══ Extracted information

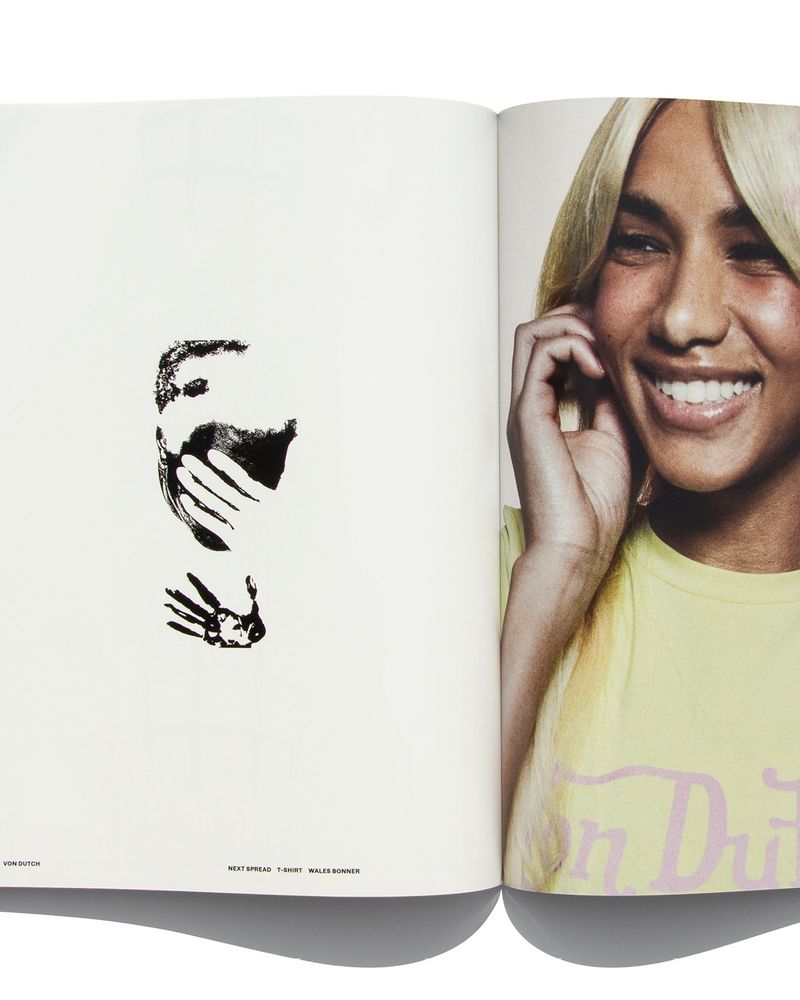 Open magazine spread showing a black graphic illustration on the left page and a smiling blonde woman in a yellow t-shirt on the right.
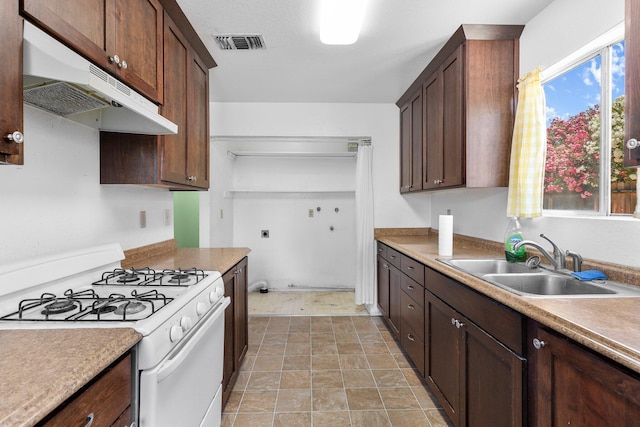 1333 Deborah Dr, Red Bluff, CA 96080 - kitchen with white range with gas cooktop, under cabinet range hood, dark brown cabinets, light countertops, and light stone finish flooring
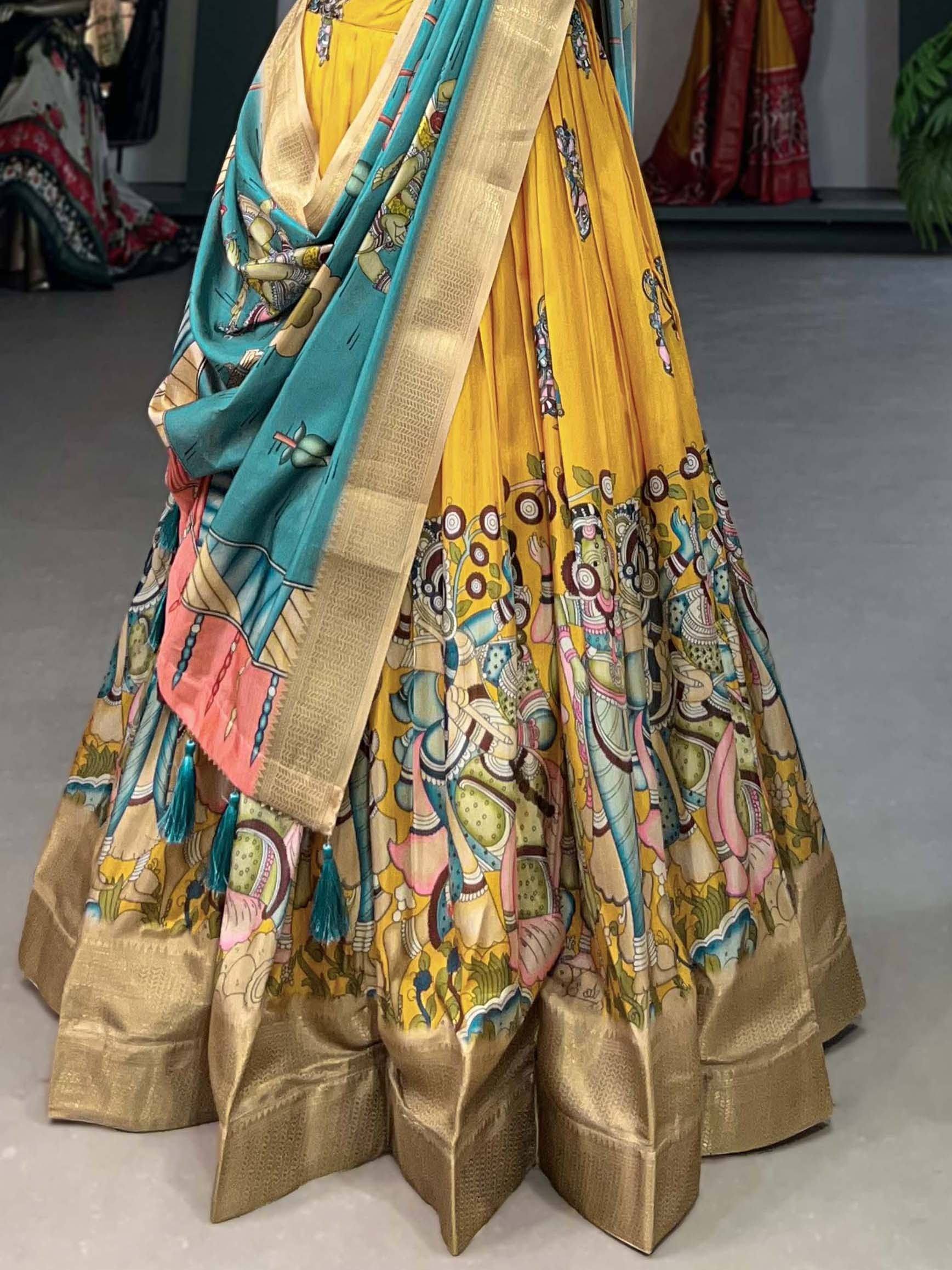 Yellow lehenga choli with Ganesha print, turquoise dupatta, and gold border for ethnic wear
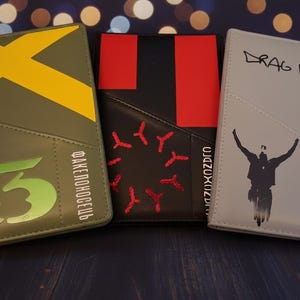 Peut inclure: Trois porte-passeports rectangulaires aux designs distincts. Celui de gauche est vert olive avec un X jaune et du texte vert. Le central est noir avec des accents rectangulaires rouges et des coutures rouges. Celui de droite est gris avec le texte DRAG PATH.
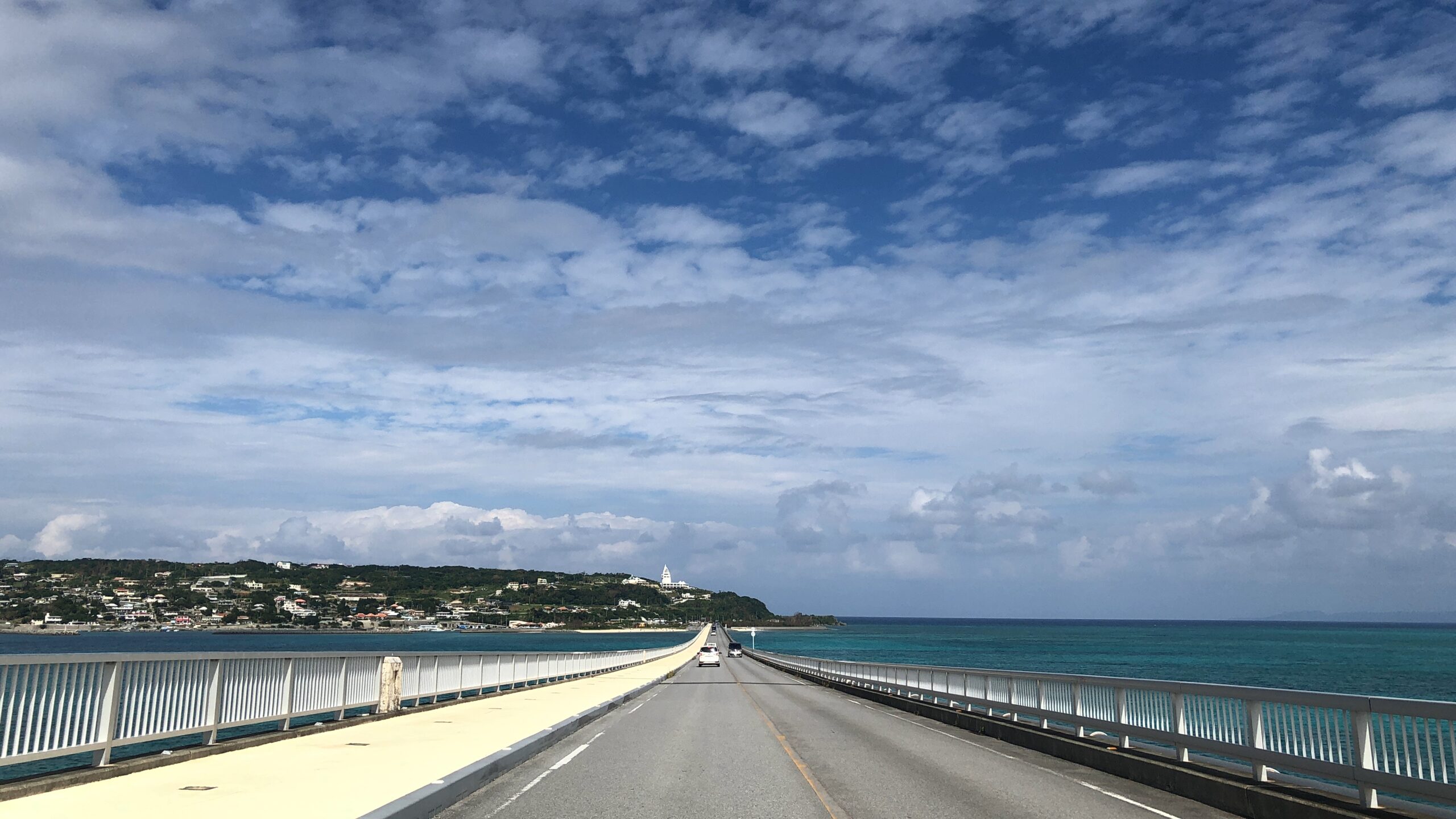 古宇利島へと続く古宇利大橋と青い海に囲まれた道路の風景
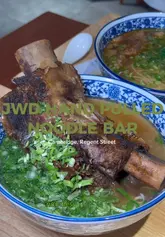 A first-person review of JWD Hand Pulled Noodle Bar in Cambridge, covering the ordering process, the atmosphere, and a taste test of the beef rib noodle soup and cucumber salad.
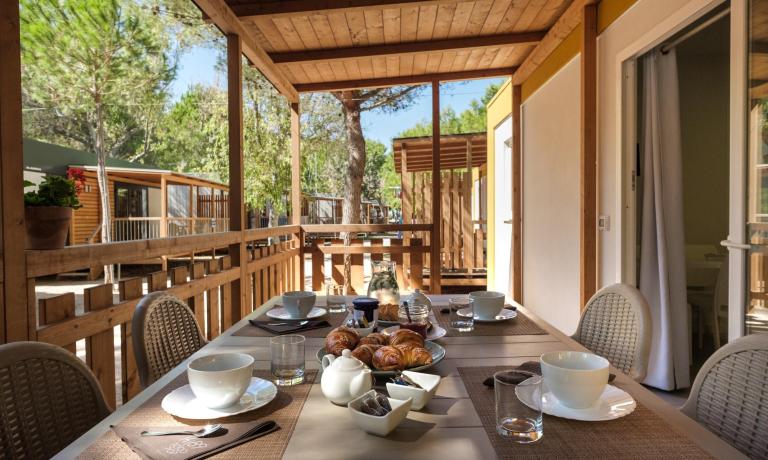 Colazione all'aperto su veranda in legno, circondata da alberi.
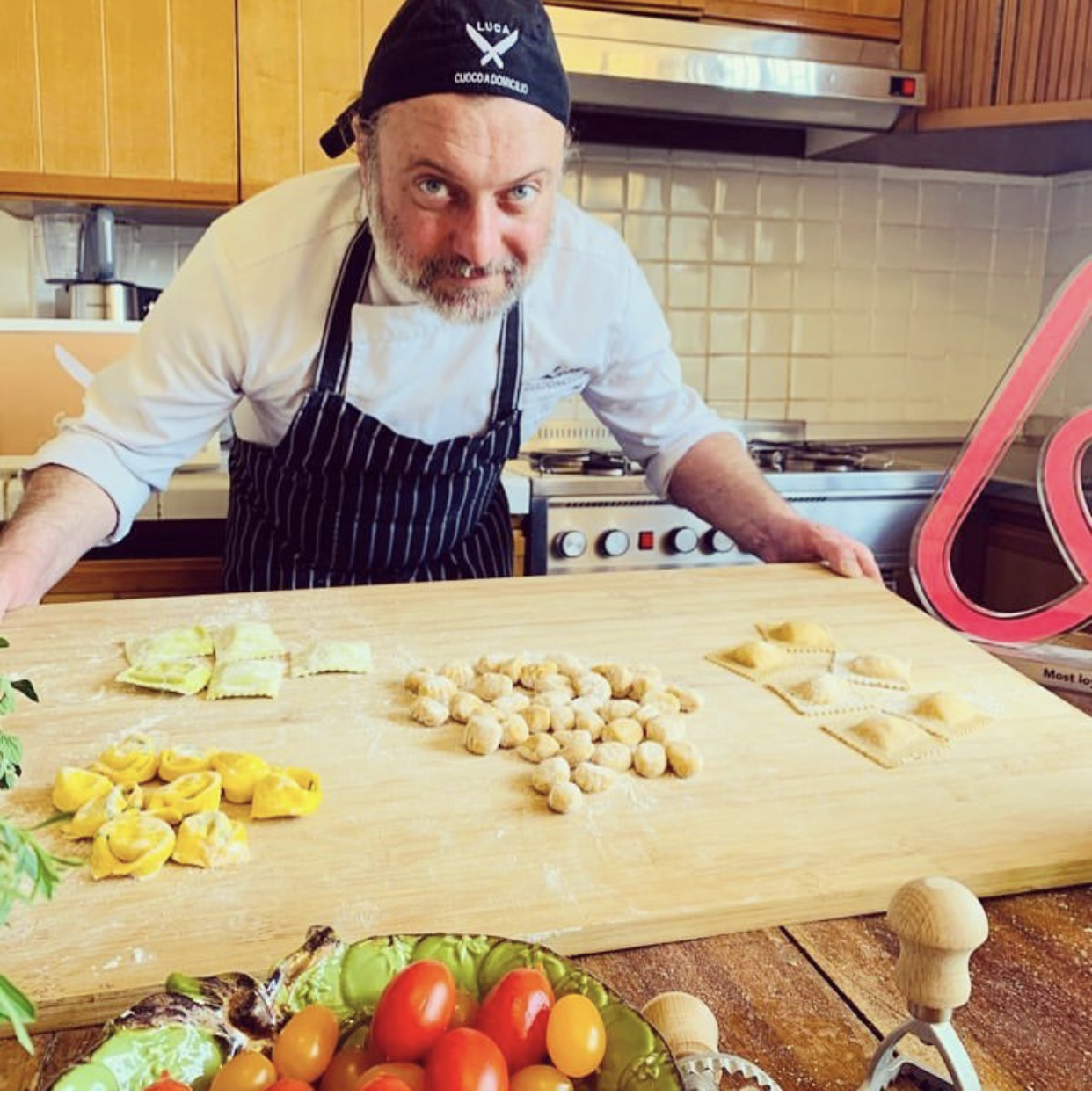 a person sitting at a table with food
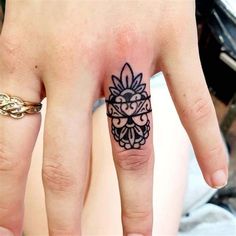 a woman's hand with a tattoo on it and a ring in the middle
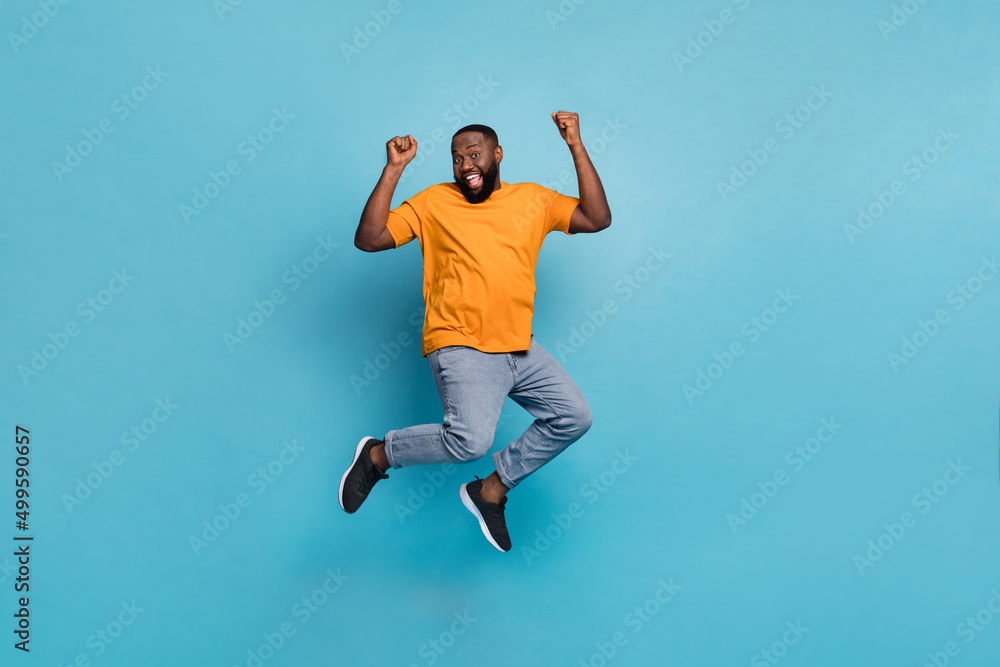 Photo of attractive lucky guy dressed orange t-shirt jumping high rising fists isolated blue color background Photo of attractive lucky guy dressed orange t-shirt jumping high rising fists isolated blue color background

════

## Brief
For every record above, repeat the text exactly and omit any picture.

## Answer box
 Open magazine spread showing a black graphic illustration on the left page and a smiling blonde woman in a yellow t-shirt on the right.
 1333 Deborah Dr, Red Bluff, CA 96080 - kitchen with white range with gas cooktop, under cabinet range hood, dark brown cabinets, light countertops, and light stone finish flooring
 Yellow lehenga choli with Ganesha print, turquoise dupatta, and gold border for ethnic wear
 Peut inclure: Trois porte-passeports rectangulaires aux designs distincts. Celui de gauche est vert olive avec un X jaune et du texte vert. Le central est noir avec des accents rectangulaires rouges et des coutures rouges. Celui de droite est gris avec le texte DRAG PATH.
 古宇利島へと続く古宇利大橋と青い海に囲まれた道路の風景
 A first-person review of JWD Hand Pulled Noodle Bar in Cambridge, covering the ordering process, the atmosphere, and a taste test of the beef rib noodle soup and cucumber salad.
 Colazione all'aperto su veranda in legno, circondata da alberi.
 a person sitting at a table with food
 a woman's hand with a tattoo on it and a ring in the middle
 Photo of attractive lucky guy dressed orange t-shirt jumping high rising fists isolated blue color background Photo of attractive lucky guy dressed orange t-shirt jumping high rising fists isolated blue color background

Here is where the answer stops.